Bob is a handsome marmalade tomcat. You might have seen him around. His human is James Bowen, who was busking, selling The Big Issue and recovering from heroin addiction when he found Bob on his doorstep in 2007. Bob followed James on to the bus one morning and became part of his pitch outside Angel tube.
‘A Street Cat Named Bob’ tells their story. Luke Treadaway gives a lovely, sensitive performance as James. Bob, feeling no other cat could do him justice – the diva – plays himself (with the help of some stunt doubles). The thing is, and there’s no way of saying this nicely, Bob’s acting is not exactly the cat’s meow. Aloof and borderline moody, he spends most of the film with the grumpy expression of the Queen opening parliament. Really? This? Again?

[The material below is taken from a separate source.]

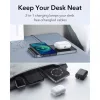 ESR HaloLock 2in1 MagSafe mágneses vezeték nélküli gyorstöltő fe-4894240110867 5 kép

There’s a telly-ish feel to much of ‘A Street Cat Named Bob’, an attempt to sanitise life on the streets. Some of the side plots are deeply unconvincing, such as James’s relationship with his kooky vegan neighbour. But it’s impossible to watch a film about a happy-ending story like James and Bob’s without a warm glow – a literary agent spotted them outside Angel and James’s memoir became an overnight bestseller.
There are some nice touches too, like the lady with a Waitrose carrier bag who tries to buy Bob from James for her son. ‘How much for your kid?’ he snaps back.